WHAT THE EXERCISE ASKS> Only the pictures are dropped. Restate each line below word for word.

SUPPLIED INFORMATION>

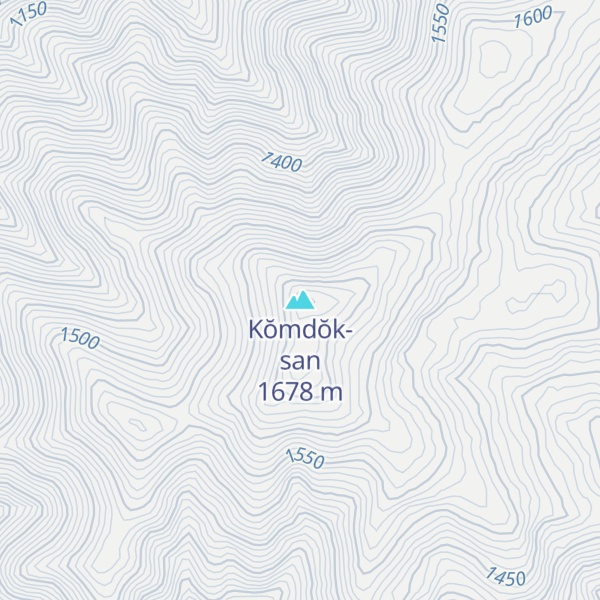 Map of Kŏmdŏk-san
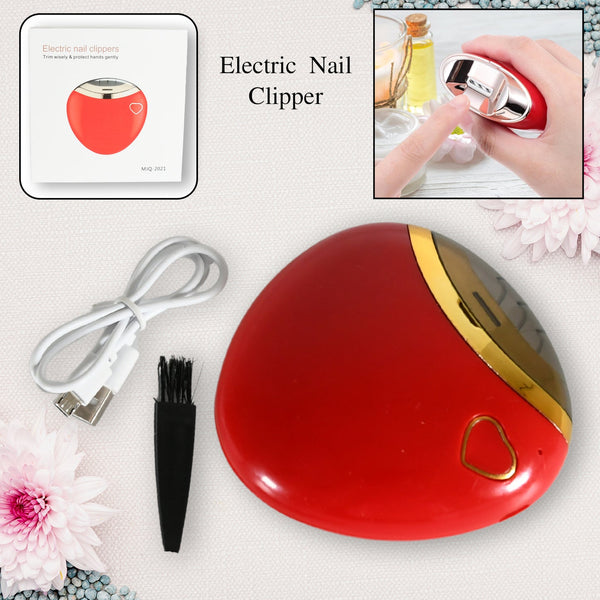 Buy Electric Nail Clipper & Get Baby Nail Cutter Scissors + Nail Polish &amp; Lipstick Stand FREE
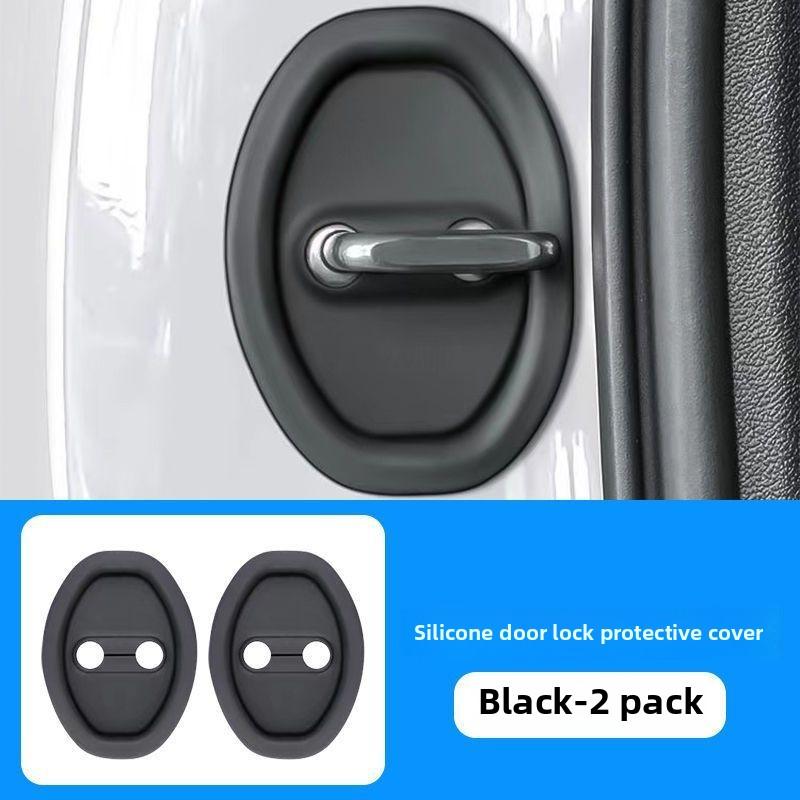Car Door Shock Absorbing Buffering Mat Reduce Noise Universal Silicone Cushion Mute Protective Covers Car Door Mute Accessories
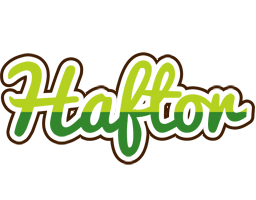 Haftor golfing logo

SOLUTION FOR THIS EXERCISE>
 Map of Kŏmdŏk-san
 Buy Electric Nail Clipper & Get Baby Nail Cutter Scissors + Nail Polish &amp; Lipstick Stand FREE
Car Door Shock Absorbing Buffering Mat Reduce Noise Universal Silicone Cushion Mute Protective Covers Car Door Mute Accessories
 Haftor golfing logo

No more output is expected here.